RECORDED INFORMATION –
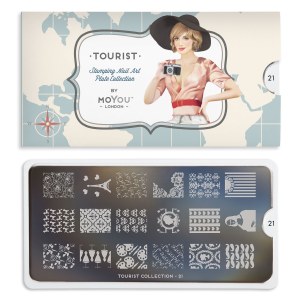 PLAQUE MOYOU TOURIST 21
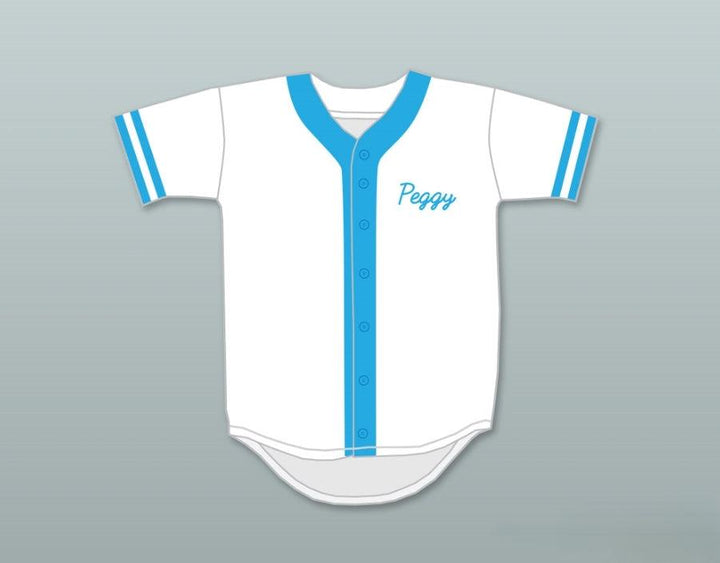 Custom Any Name Number PEGGY HILL STRICKLAND PROPANE SOFTBALL TEAM BASEBALL JERSEY Top Stitched S-6XL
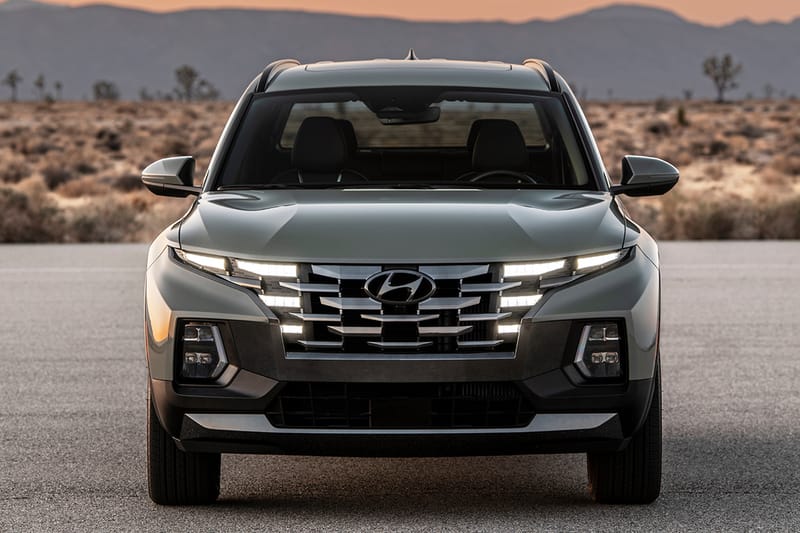 2022 Hyundai Santa Cruz Pickup Truck Release Hypebeast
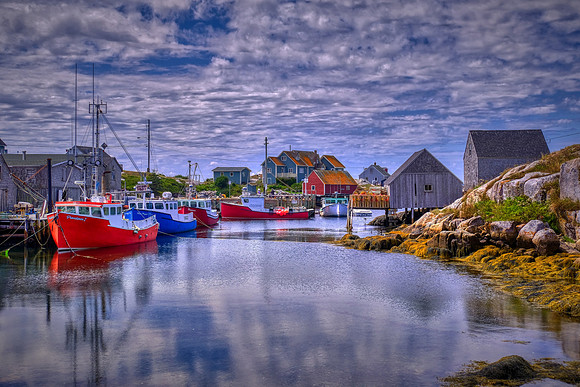 Peggy's Cove, St. Margarets Bay, Nova Scotia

TASK ITEM –
Hand back exactly the lines from the one with "2022 Hyundai Santa" through the last line of the data above, both ends included, with every picture left out.

PROBLEM SOLUTION –
 2022 Hyundai Santa Cruz Pickup Truck Release Hypebeast
 Peggy's Cove, St. Margarets Bay, Nova Scotia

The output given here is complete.